All of lore.kernel.org
 help / color / mirror / Atom feed
From: Sumit Garg <sumit.garg@linaro.org>
To: Doug Anderson <dianders@chromium.org>
Cc: Daniel Thompson <daniel.thompson@linaro.org>,
	Will Deacon <will@kernel.org>, Wei Li <liwei391@huawei.com>,
	Catalin Marinas <catalin.marinas@arm.com>,
	Mark Rutland <mark.rutland@arm.com>,
	Masami Hiramatsu <mhiramat@kernel.org>,
	Jason Wessel <jason.wessel@windriver.com>,
	Marc Zyngier <maz@kernel.org>,
	Linux ARM <linux-arm-kernel@lists.infradead.org>,
	LKML <linux-kernel@vger.kernel.org>
Subject: Re: [PATCH v3 0/2] arm64: Fix pending single-step debugging issues
Date: Mon, 11 Jul 2022 18:13:59 +0530	[thread overview]
Message-ID: <CAFA6WYPmFqCXk24J71tNO=5bJHgJRAOPFr7cGq8YYLR+MWBoPw@mail.gmail.com> (raw)
In-Reply-To: <CAD=FV=WXoDvWuH=yjzCcqOZ5CeUtYun7C8zrtrBP4FC409GkqA@mail.gmail.com>

Hi Doug,

On Sat, 2 Jul 2022 at 03:44, Doug Anderson <dianders@chromium.org> wrote:
>
> Hi,
>
> On Tue, May 10, 2022 at 11:05 PM Sumit Garg <sumit.garg@linaro.org> wrote:
> >
> > This patch-set reworks pending fixes from Wei's series [1] to make
> > single-step debugging via kgdb/kdb on arm64 work as expected. There was
> > a prior discussion on ML [2] regarding if we should keep the interrupts
> > enabled during single-stepping. So patch #1 follows suggestion from Will
> > [3] to not disable interrupts during single stepping but rather skip
> > single stepping within interrupt handler.
> >
> > [1] https://lore.kernel.org/all/20200509214159.19680-1-liwei391@huawei.com/
> > [2] https://lore.kernel.org/all/CAD=FV=Voyfq3Qz0T3RY+aYWYJ0utdH=P_AweB=13rcV8GDBeyQ@mail.gmail.com/
> > [3] https://lore.kernel.org/all/20200626095551.GA9312@willie-the-truck/
> >
> > Changes in v3:
> > - Reword commit descriptions as per Daniel's suggestions.
> >
> > Changes in v2:
> > - Replace patch #1 to rather follow Will's suggestion.
> >
> > Sumit Garg (2):
> >   arm64: entry: Skip single stepping into interrupt handlers
> >   arm64: kgdb: Set PSTATE.SS to 1 to re-enable single-step
> >
> >  arch/arm64/include/asm/debug-monitors.h |  1 +
> >  arch/arm64/kernel/debug-monitors.c      |  5 +++++
> >  arch/arm64/kernel/entry-common.c        | 18 +++++++++++++++++-
> >  arch/arm64/kernel/kgdb.c                |  2 ++
> >  4 files changed, 25 insertions(+), 1 deletion(-)
>
> Sorry it took so long for me to respond. I kept dreaming that I'd find
> the time to really dig deep into this to understand it fully and I'm
> finally giving up on it.

No worries and apologies on my part as well as I had to find some time
to reproduce the issue that you have reported below.

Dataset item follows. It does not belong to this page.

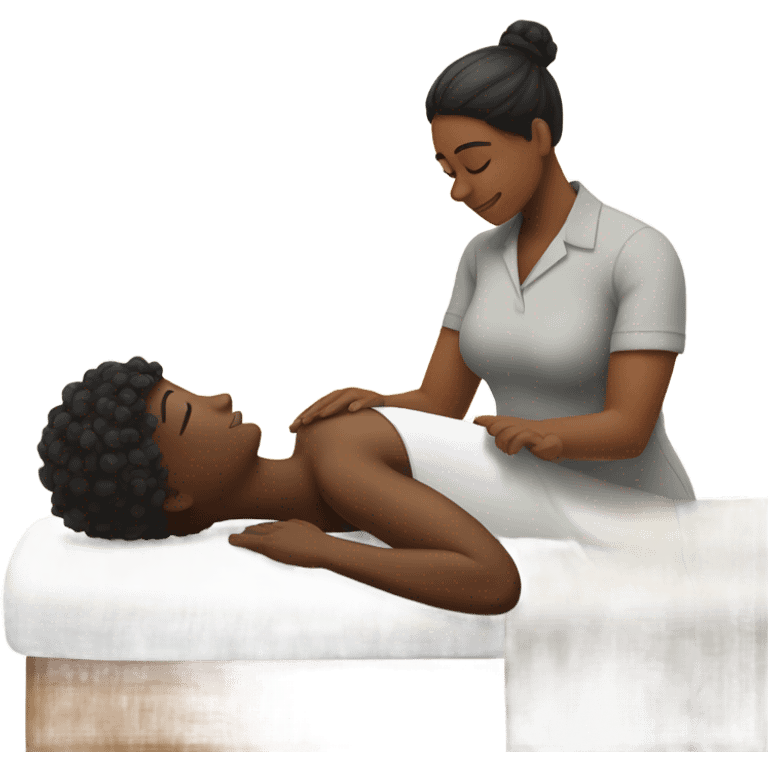 Black man massaging black woman emoji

> I'm going to hope that Will and/or Catalin
> knows this area of the code well and can give it a good review. If not
> then I'll strive harder to make the time...
>
> In any case, I poked around with this a bunch and it definitely
> improved the stepping behavior a whole lot. I still got one case where
> gdb hit an assertion while I was stepping, but I could believe that
> was a problem with gdb? I couldn't reproduce it. Thus I can at least
> give:
>
> Tested-by: Douglas Anderson <dianders@chromium.org>
>

Thanks for the testing.

> I'll also note that I _think_ I remember that with Wei's series that
> the gdb function "call" started working. I tried that here and it
> didn't seem so happy. To keep things simple, I created a dummy
> function in my kernel that looked like:
>
> void doug_test(void)
> {
>   pr_info("testing, 1 2 3\n");
> }
>
> I broke into the debugger by echoing "g" to /proc/sysrq-trigger and
> then tried "call doug_test()". I guess my printout actually printed
> but it wasn't so happy after that. Seems like it somehow ended up
> returning to a bogus address after the call which then caused a crash.
>

I am able to reproduce this issue on my setup as well. But it doesn't
seem to be a regression caused by this patch-set over Wei's series. As
I could reproduce this issue with v1 [1] patch-set as well which was
just a forward port of pending patches from Wei's series to the latest
upstream.

Maybe it's a different regression caused by other changes? BTW, do you
remember the kernel version you tested with Wei's series applied?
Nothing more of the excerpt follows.